In October 2015, AlphaGo became the first computer Go program to beat a human professional Go player without handicaps on a full-sized 19×19 board. In March 2016, it beat Lee Sedol in a five-game match. At the 2017 Future of Go Summit, AlphaGo beat Ke Jie, the world No.1 ranked player at the time, in a three-game match.
Go was considered a difficult game for computers to master because, besides being complex, the number of possible moves – more than chess at 10170 – is greater than the number of atoms in the universe.

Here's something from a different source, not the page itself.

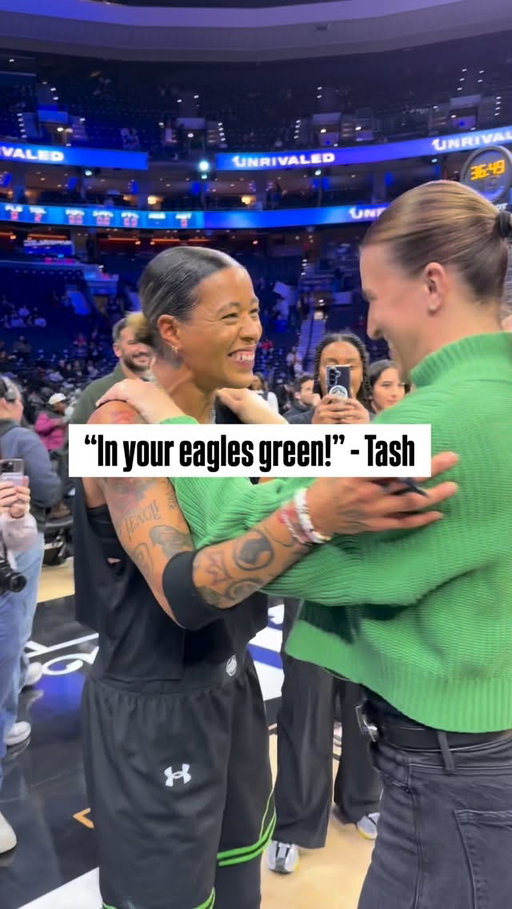 Sabrina Ionescu surprises Natasha Cloud at Philly is Unrivaled

 #symonewiththesports #unrivaled #womensbasketball #natashacloud #sabrinaionescu
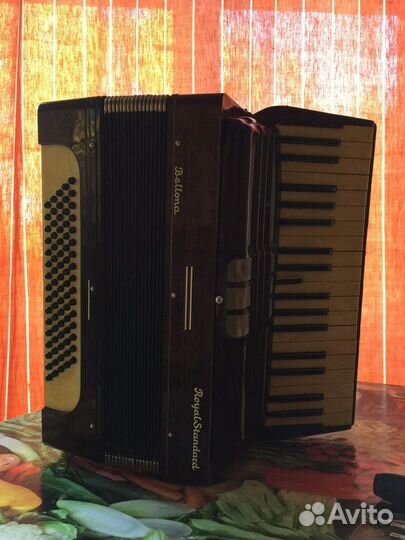 Аккордеон Royal Standard Bellona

After beating Jie earlier this year, DeepMind announced AlphaGo was retiring from future competitions. And just a week earlier, DeepMind published a paper describing AlphaGo Zero – a leaner and meaner version of AlphaGo, the artificially intelligent program that crushed professional Go players.

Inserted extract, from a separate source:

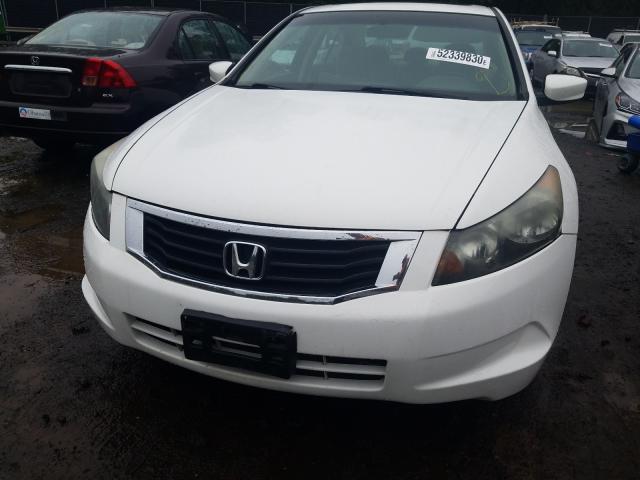 Photo 8 VIN: 1HGCP2F79AA081098 - HONDA ACCORD EX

I bet you will wonder what is the advance of AlphaGo Zero instead of AlphaGo? Why can it be called as BREAKTHROUGH of AI?
The answer here is SELF-LEARNING.
Previous versions of AlphaGo initially trained on thousands of human amateur and professional games to learn how to play Go. AlphaGo Zero skips this step and learns to play simply by playing games against itself, starting from completely random play. In doing so, it quickly surpassed human-level of play and defeated the previously published champion-defeating version of AlphaGo by 100 games to 0.

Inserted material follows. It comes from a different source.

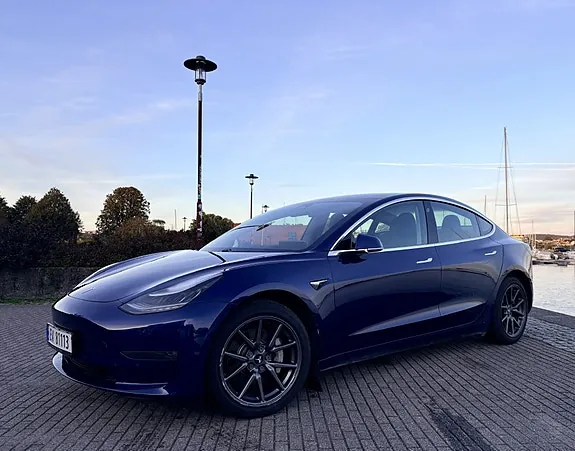 Tesla Model 3 2019 photo 4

DeepMind used a novel form of reinforcement learning, in which AlphaGo Zero becomes its own teacher. You might say “Okay, AlphaGo Zero can teach and itself, why is this so great?”
Notice that the new technique makes AlphaGo Zero no longer constrained by the limits of human knowledge. Also, do you feel it is just like how human brain works? While you are in a new environment, you start to feel it, get knowledge from it, and teach yourself to understand. The new technique, in fact, is a sign of AI getting closer to human brains.
In addition, AlphaGo Zero uses one neural network rather than two. Earlier versions of AlphaGo used a “policy network” to select the next move to play and a ”value network” to predict the winner of the game from each position. These are combined with the search algorithm in AlphaGo Zero, allowing it to be trained and evaluated more efficiently.
The logic behind AlphaGo Zero imitates how humans think and learn, which makes it more general – the purpose of studying AI.
We want AI to help humans at a huge range of tasks which can be housework, driving, laundry in a self-aspect, or financial work, supply chain support at the industry level. While AlphaGo Zero is a step towards a general-purpose AI, it can only work on problems that can be perfectly simulated in a computer. Right now, people are only researching AI in a one by one area. AIs that match humans at a huge range of tasks are still a long way off.
We have been discussing a lot about whether AI would be a threat to human beings in the class. Everyone gets his/her own opinions. For me, I still believe the benefits that we get from AI would be much more than its threats to us. And AlphaGo Zero does bring us a big surprise that how fast the technology develops and how great humans have been developing.